|   “Yo 
        opino que me dejen opinar” 
      Una 
        de las principales máximas que rigen al periodismo, aquí 
        y en cualquier lugar del mundo, sostiene lo que parece una verdad de perogrullo. 
        Sin embargo, por esa suerte de confusión de roles en los que han 
        caído las instituciones en los últimos tiempos, es necesario 
        recordarla, so pena de caer una y otra vez en el riesgo de traspasar los 
        límites de la ética y del buen ejercicio de la profesión. 
        La máxima dice: “los hechos son sagrados, las opiniones son 
        libres”. ¿Qué significa uno y otro postulado? Aunque 
        las explicaciones parezcan estar de sobra, será bueno explicar 
        que dentro de la misión de informar que tenemos los periodistas, 
        un hecho es un hecho, inmodificable a través de la crónica. 
         
        Por ejemplo: las Torres Gemelas cayeron, ya no están. Cromañón 
        se incendió y murieron 194 personas. El gobierno le pagó 
        anticipadamente su deuda al Fondo Monetario Internacional. Son hechos, 
        concretos, tangibles, verificables e incontrastables.

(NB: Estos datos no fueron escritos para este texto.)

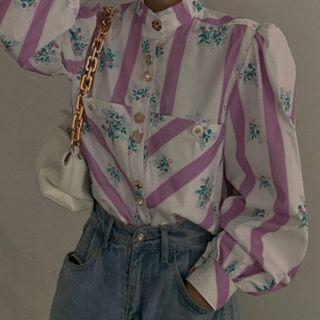 Floral Puff-sleeve Blouse Purple - One Size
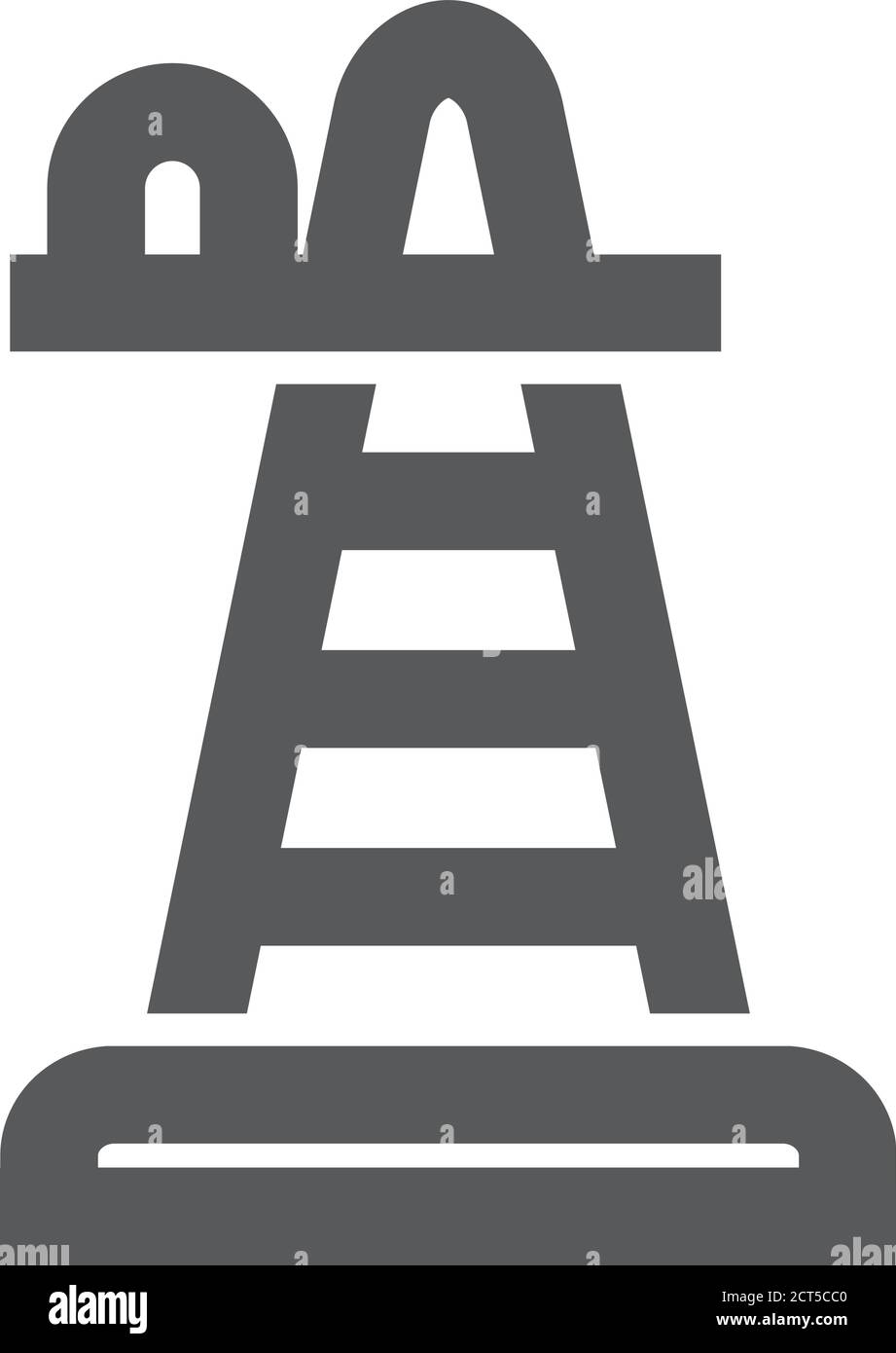 Icona del cono del traffico con profilo spesso. Illustrazione vettoriale in bianco e nero. Illustrazione Vettoriale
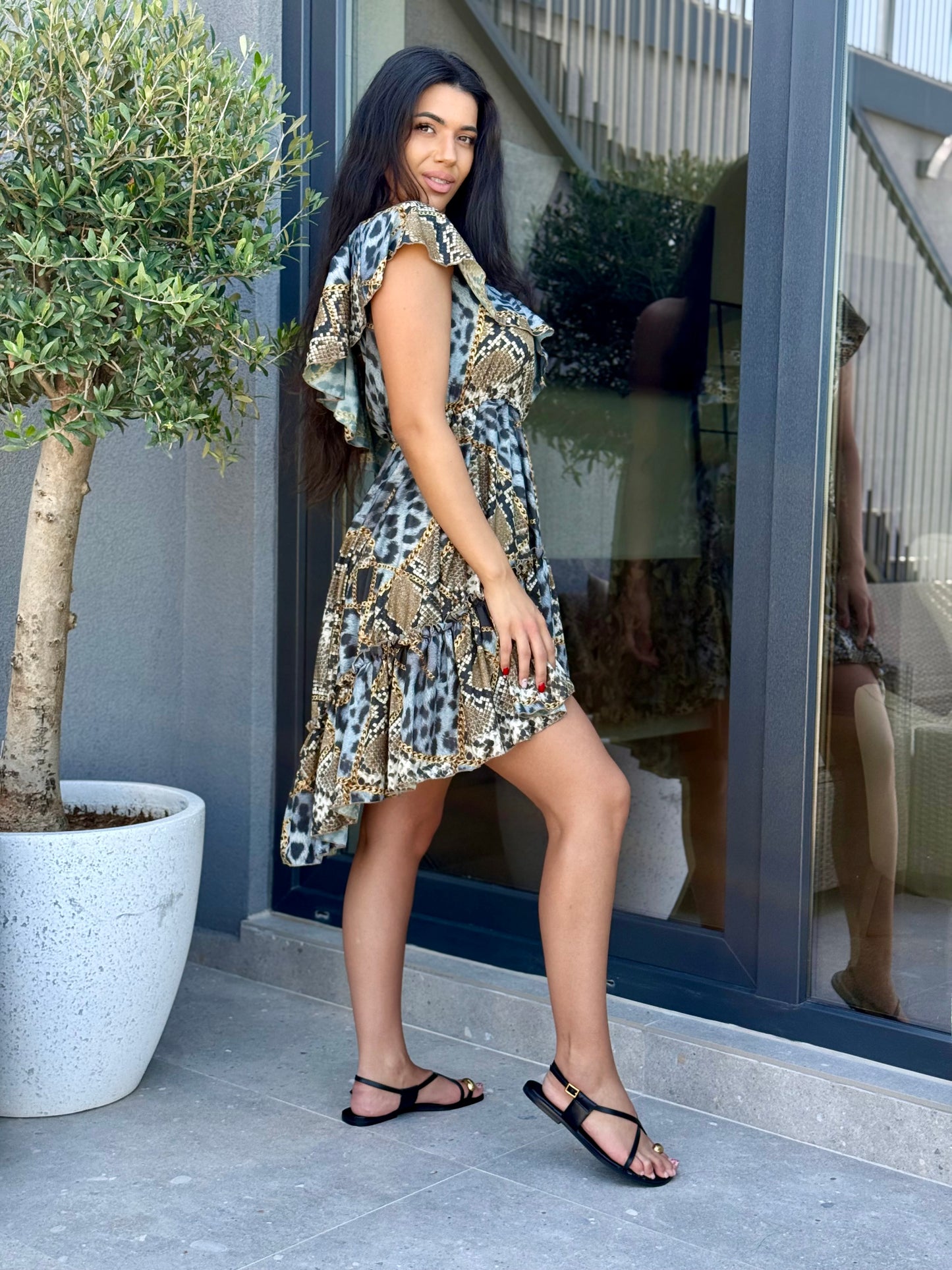 Rochie BELLA PRINT LONG - Blue Snake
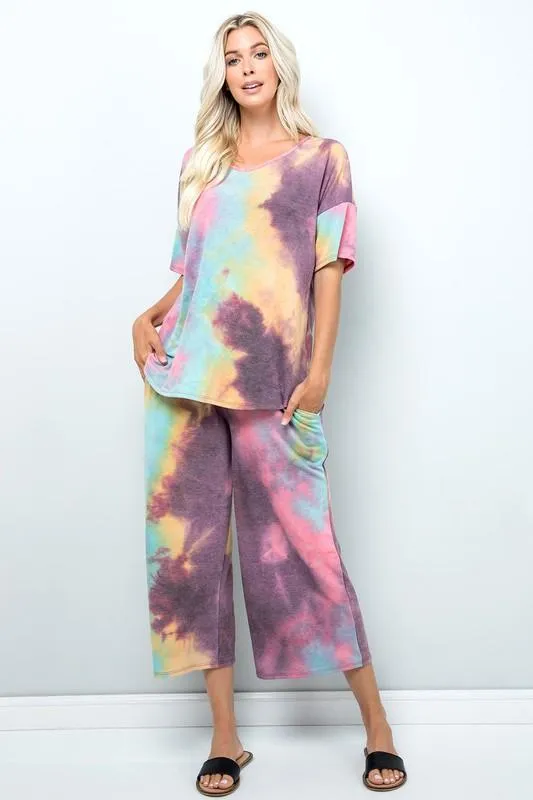 Pre-Order Multi-color Cropped Wide-Leg Pants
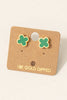 Gold Dipped Epoxy Clover Stud Earrings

Una segunda misión 
        de los periodistas es determinar por qué ocurrieron esos hechos. 
        Ciertamente no se trata de un rol judicial, que apunte a buscar responsabilidades 
        con afanes condenatorios o exculpatorios. Porque al periodista le interesa 
        arribar lo más cerca de la verdad con un sentido periodístico, 
        de manera tal que lo que conoce, averigua y se entera, será luego 
        conocido por otros, que en definitiva constituyen su público. El 
        abanico de esa tarea periodística es más amplio: determinar 
        por qué cayeron las Torres Gemelas implica investigar desde cómo 
        estaban estructurados esos edificios, hasta entender el razonamiento que 
        llevó a los autores del atentado a adoptar tan espectacular y trágica 
        decisión. El periodista busca datos, los coteja, los pone en contexto, 
        los interpreta y arriba a conclusiones sobre el por qué. La ponderación 
        de unos hechos sobre otros (pero siempre hechos) le suma un valor agregado 
        a la información, la complementa, la enriquece. 
        Lo único que le está prohibido a un periodista es mentir. 
        Dar como un hecho lo que no lo es significa, en este contexto, “mentir”. 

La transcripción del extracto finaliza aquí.